In his writing, On Formalities(Kegi-sho), the Ninth High Priest Nichiu Shonin states, “Tea should not be offered.” Therefore, we place only pure water on the altar. Every morning, we offer water to the Gohonzon in a water-offering cup before morning Gongyo. The water remains on the altar during the day, and then we remove it before evening Gongyo.

Those who eat rice may offer it to the Gohonzon. This is called Buppan(the Buddha’s rice). Do not place uncooked rice on the altar. This, unlike water, should not be left all day. After the rice is cooked, the first portion should be offered to the Gohonzon. When offering the rice, observe this silent prayer:

I offer deepest gratitude to the three treasures of the Buddhism of sowing. Nam-Myoho-Renge-Kyo. (Namu geshu sampo goho on shatoku Gokuyo no tame. Nam-Myoho-Renge-Kyo.)

Ring the bell three times and chant Daimoku three times. Ringing the bell three times signifies appreciation for the three treasures. Then, remove the rice from the altar. The rice may then be eaten.

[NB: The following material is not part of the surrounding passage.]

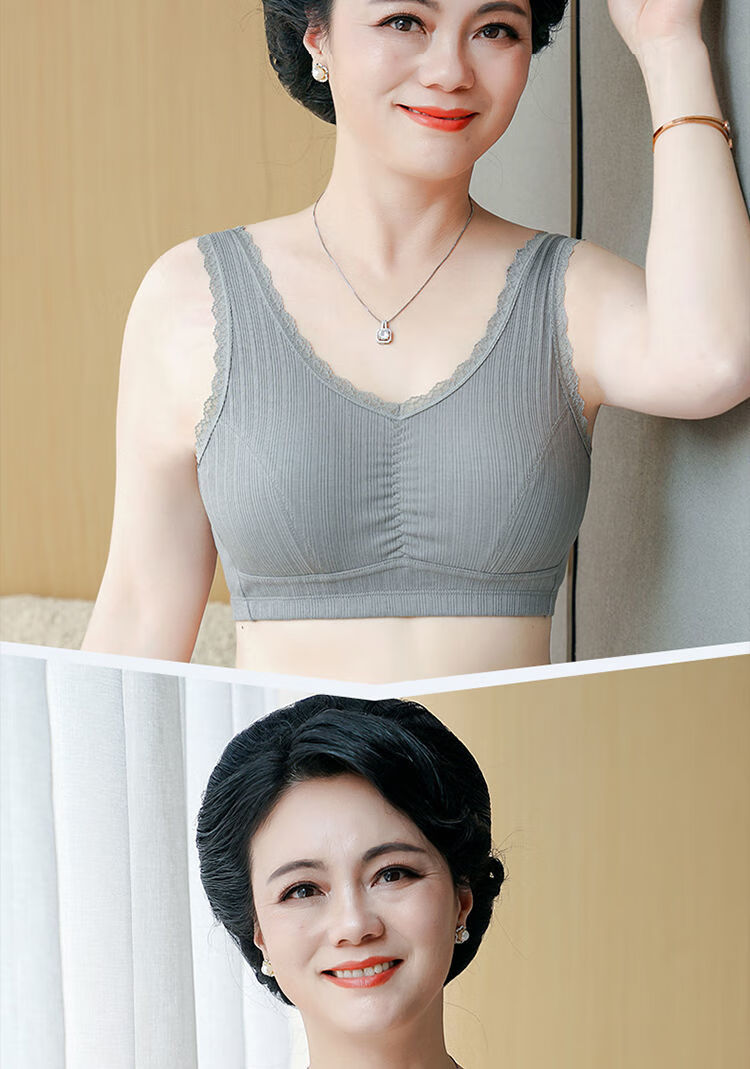 妈妈内衣文胸中老年纯棉薄款聚拢无钢圈前扣式妇女背心50岁胸罩夏 878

Other offerings to the Gohonzon include items such as wine or sake, cakes, candy, fruits, and vegetables. We do not offer any fish or meat, and we avoid offering foods with a strong odor, such as garlic, ginger, and onions.

The Memorial Book (Kakocho)
In some Japanese Buddhist sects, followers may place ashes or memorial tablets on their altars. But this is not done in Nichiren Shoshu. The ashes of the deceased may be brought to the temple when the priest conducts the Memorial Service. Believers may request a memorial book (Jpn. Kakocho) from their local temple, which is placed at the left side of the altar. The priest will inscribe the names of our deceased family members in our memorial book. Every morning and evening during Gongyo, we offer prayers for the deceased while reading the names that have been inscribed for that particular day of the month. The memorial book also contains the dates of the passing of each of the successive High Priests. If you do not have a memorial book, please submit a request at your local temple.

Our faith and practice to the Gohonzon and our sincerity will be reflected by how we serve the Gohonzon. Therefore, we should always serve the Gohonzon wholeheartedly.